[TASK] Output what the records say, word for word, with no images.
★ ★ ★ ★ ★ ★ ★
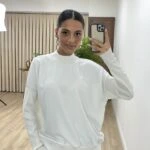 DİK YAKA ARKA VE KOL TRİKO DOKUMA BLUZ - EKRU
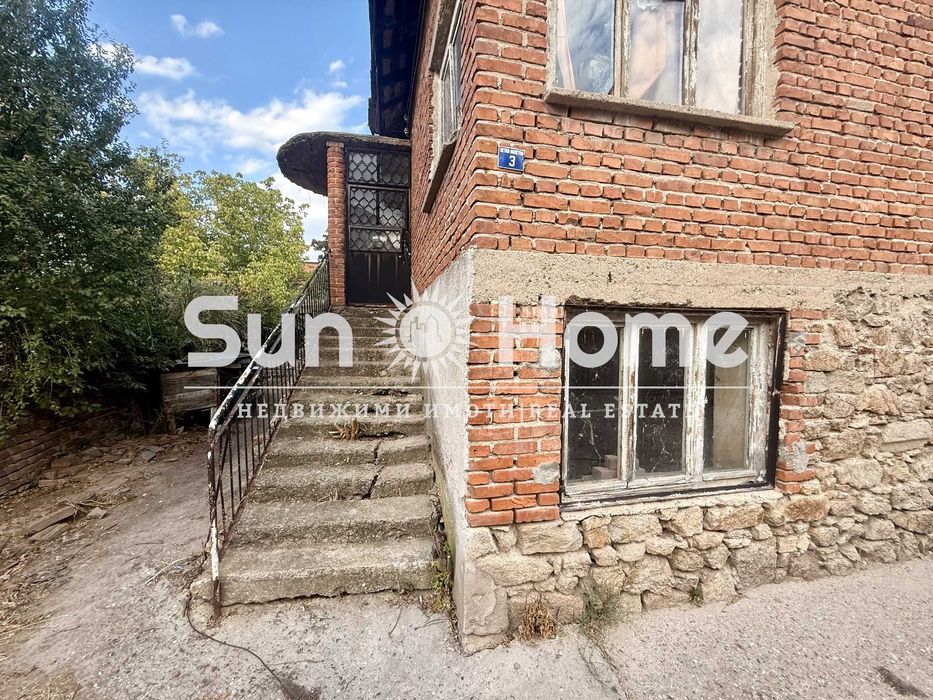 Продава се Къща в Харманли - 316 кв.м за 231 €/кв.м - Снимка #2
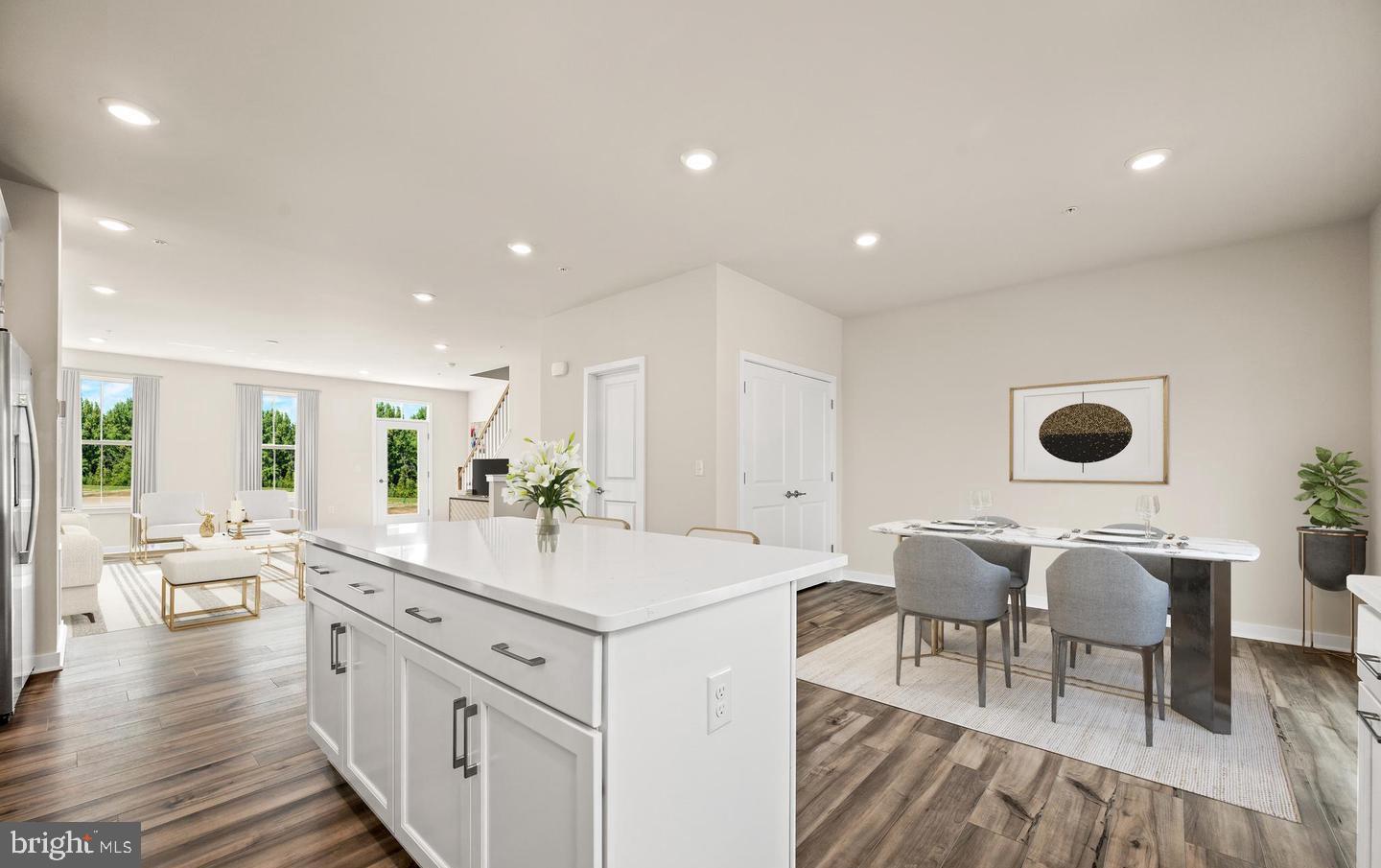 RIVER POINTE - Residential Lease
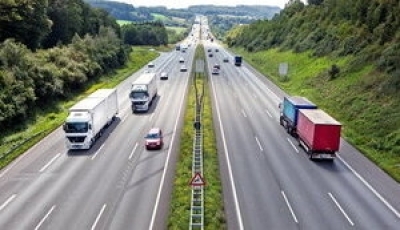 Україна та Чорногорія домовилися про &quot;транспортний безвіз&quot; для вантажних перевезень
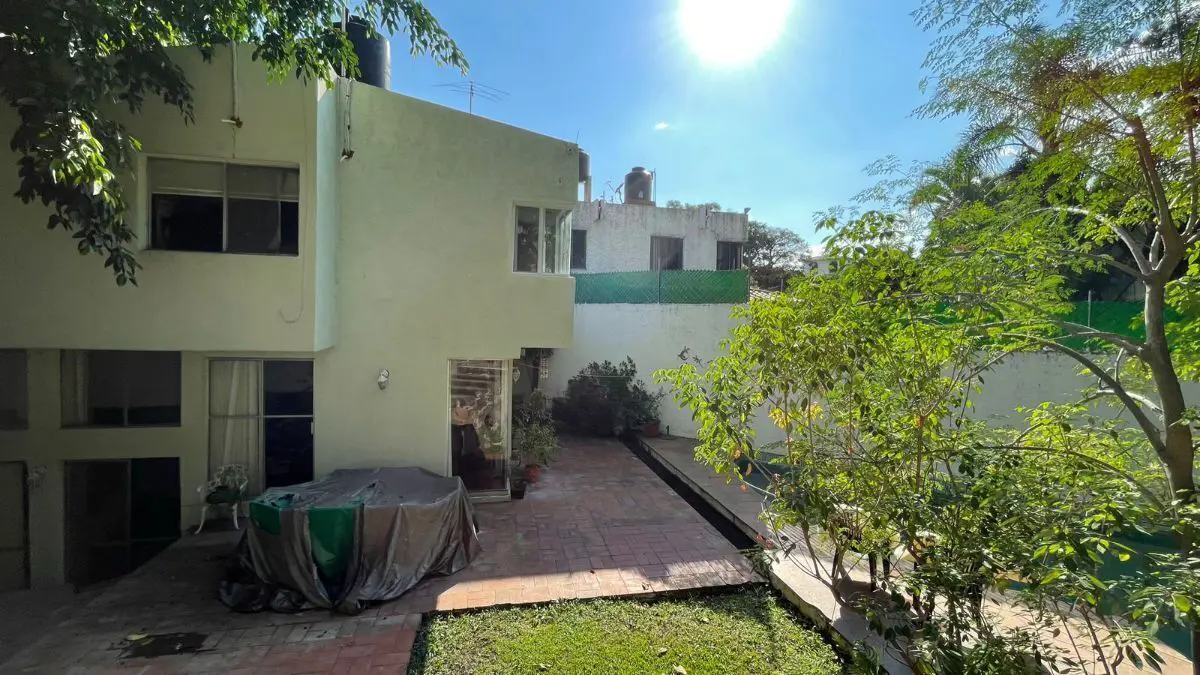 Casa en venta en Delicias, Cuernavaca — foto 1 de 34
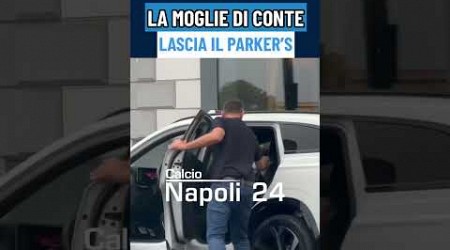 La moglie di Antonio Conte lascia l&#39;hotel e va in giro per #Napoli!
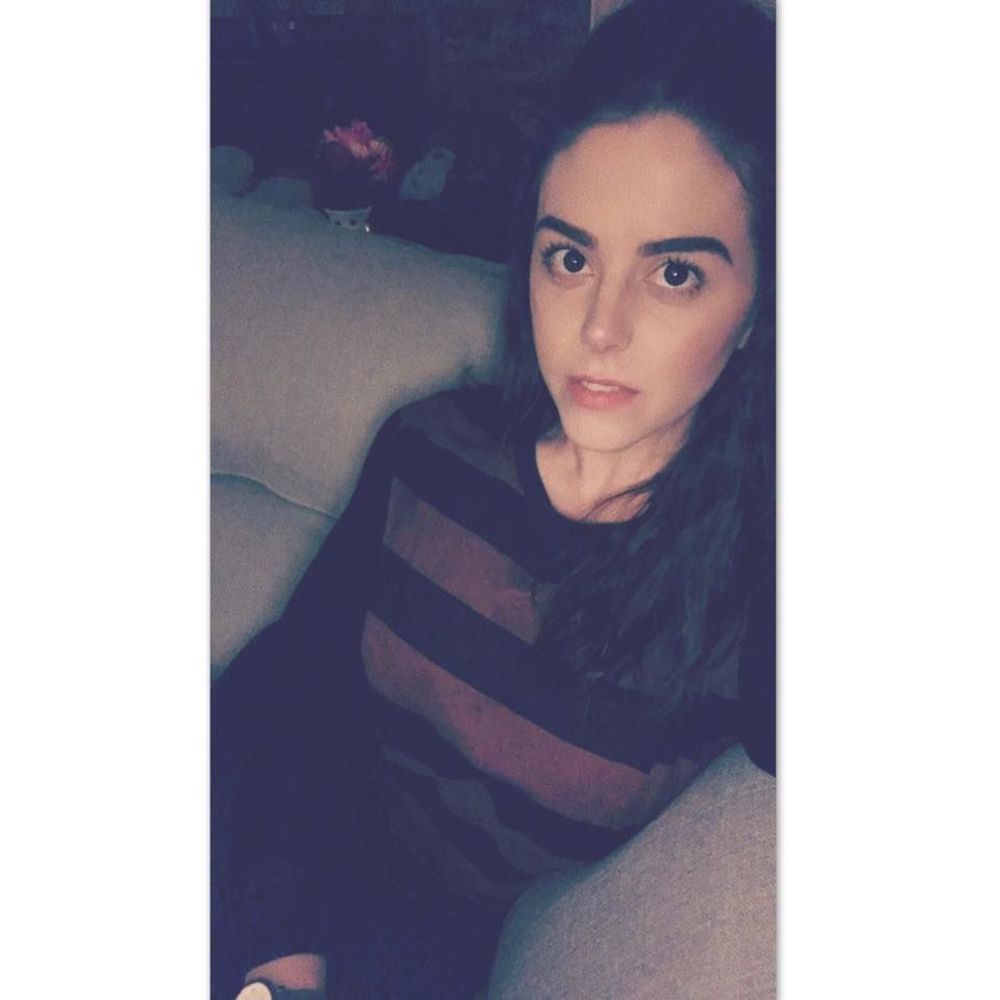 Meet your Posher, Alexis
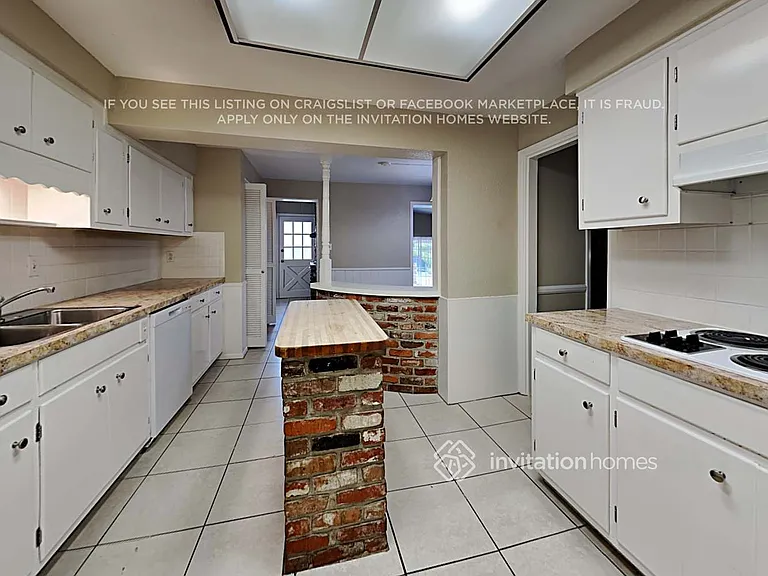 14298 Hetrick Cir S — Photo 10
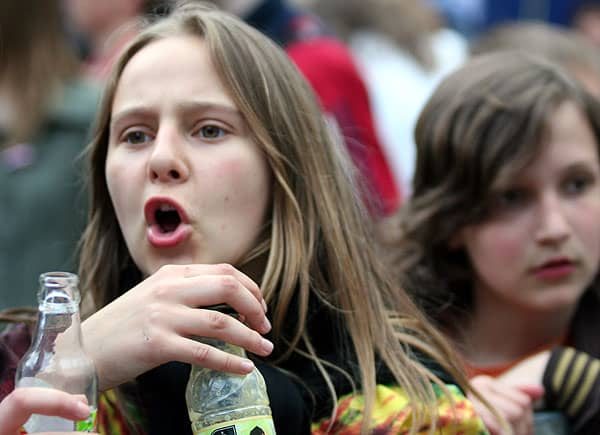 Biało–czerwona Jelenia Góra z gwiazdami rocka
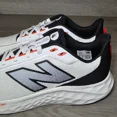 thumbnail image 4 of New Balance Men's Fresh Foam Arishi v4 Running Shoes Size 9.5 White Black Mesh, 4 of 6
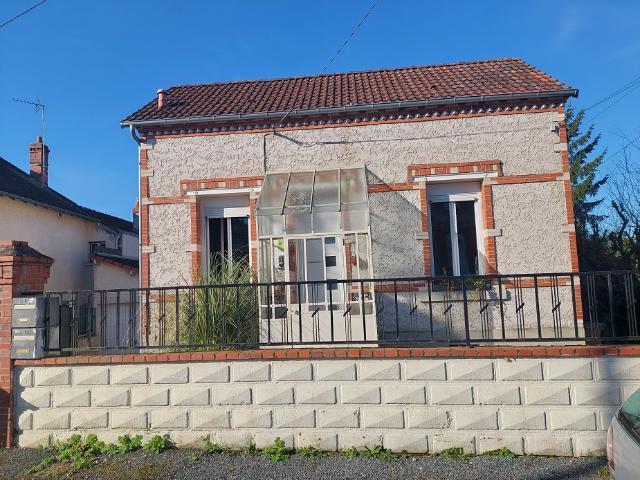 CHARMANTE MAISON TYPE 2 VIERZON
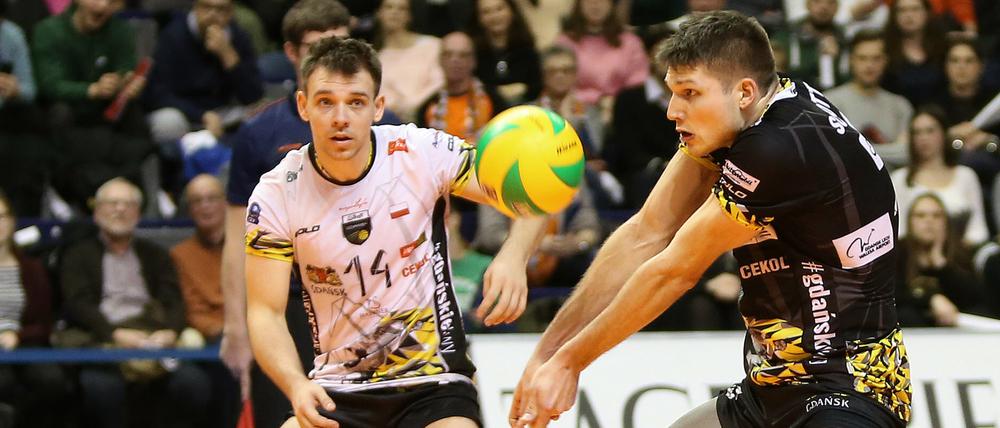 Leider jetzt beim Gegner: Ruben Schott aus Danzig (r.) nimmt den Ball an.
★ ★ ★ ★ ★ ★ ★
[SOLUTION FOR THIS PROBLEM]
 DİK YAKA ARKA VE KOL TRİKO DOKUMA BLUZ - EKRU
 Продава се Къща в Харманли - 316 кв.м за 231 €/кв.м - Снимка #2
 RIVER POINTE - Residential Lease
 Україна та Чорногорія домовилися про &quot;транспортний безвіз&quot; для вантажних перевезень
 Casa en venta en Delicias, Cuernavaca — foto 1 de 34
 La moglie di Antonio Conte lascia l&#39;hotel e va in giro per #Napoli!
 Meet your Posher, Alexis
 14298 Hetrick Cir S — Photo 10
 Biało–czerwona Jelenia Góra z gwiazdami rocka
 thumbnail image 4 of New Balance Men's Fresh Foam Arishi v4 Running Shoes Size 9.5 White Black Mesh, 4 of 6
 CHARMANTE MAISON TYPE 2 VIERZON
 Leider jetzt beim Gegner: Ruben Schott aus Danzig (r.) nimmt den Ball an.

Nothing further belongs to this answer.